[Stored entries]

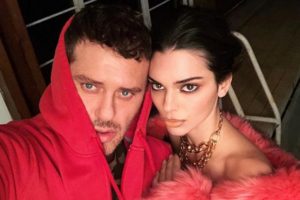 Ünlü modelin çıplak fotoğrafını paylaştı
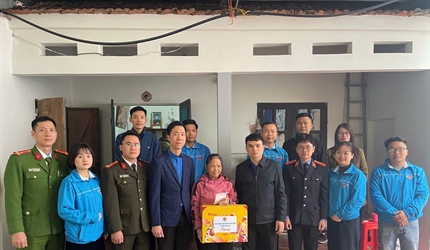 Viện KSND huyện Phúc Thọ tham gia tặng quà nhân dịp Xuân Ất Tỵ 2025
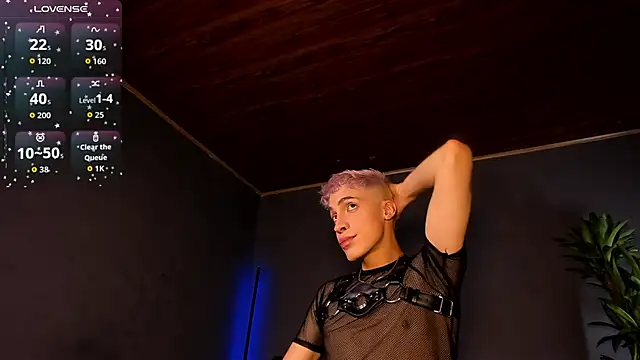 Snapshot of Angel_Snowhotxxx chatting on 09.21.25 Angel Snowhotxxx online show from 09.21.25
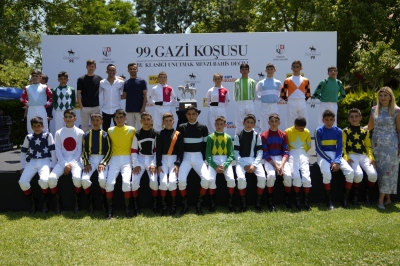 Son D&uuml;zl&uuml;k, Gazi G&uuml;n&uuml;'n&uuml;n Anlamlı Koşusuna Adını Verdi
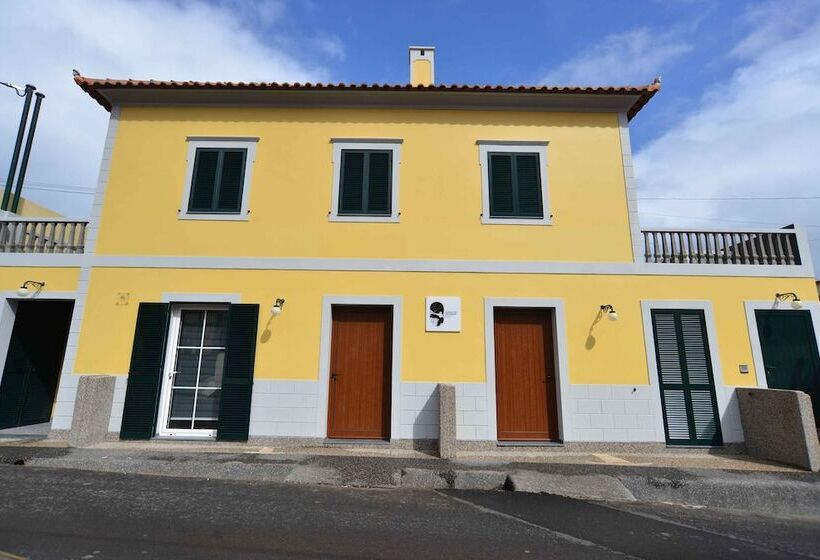 ペンション Casas Do Baleeiro   Whaler’s Houses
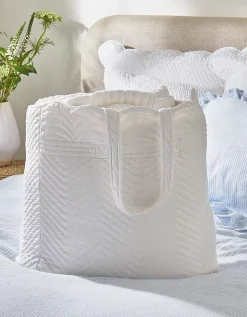 Milfield Scallop Quilt & Cushion Collection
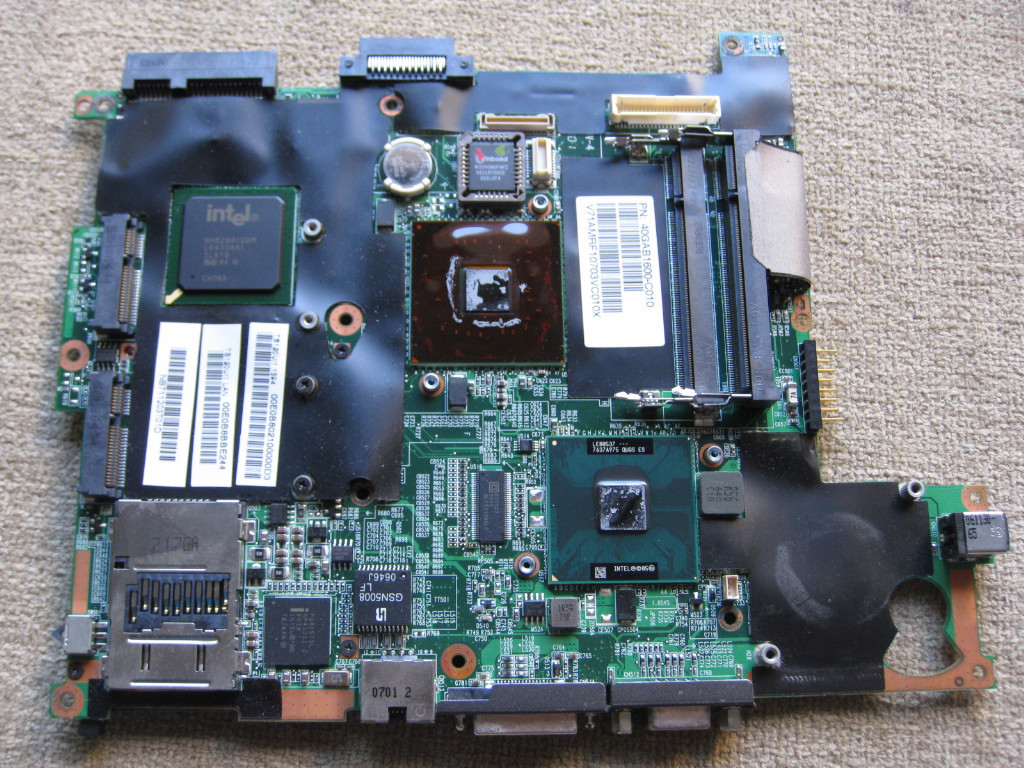 Gateway E155 E-155C TABLET Laptop C-5815 TB120 MOTHERBOARD CPU 40GAB1600-C010 A+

INSTRUCTIONS FOR THE TASK → Repeat the data exactly, excluding the pictures.

EXERCISE ANSWER →
 Ünlü modelin çıplak fotoğrafını paylaştı
 Viện KSND huyện Phúc Thọ tham gia tặng quà nhân dịp Xuân Ất Tỵ 2025
 Snapshot of Angel_Snowhotxxx chatting on 09.21.25 Angel Snowhotxxx online show from 09.21.25
 Son D&uuml;zl&uuml;k, Gazi G&uuml;n&uuml;'n&uuml;n Anlamlı Koşusuna Adını Verdi
 ペンション Casas Do Baleeiro   Whaler’s Houses
 Milfield Scallop Quilt & Cushion Collection
 Gateway E155 E-155C TABLET Laptop C-5815 TB120 MOTHERBOARD CPU 40GAB1600-C010 A+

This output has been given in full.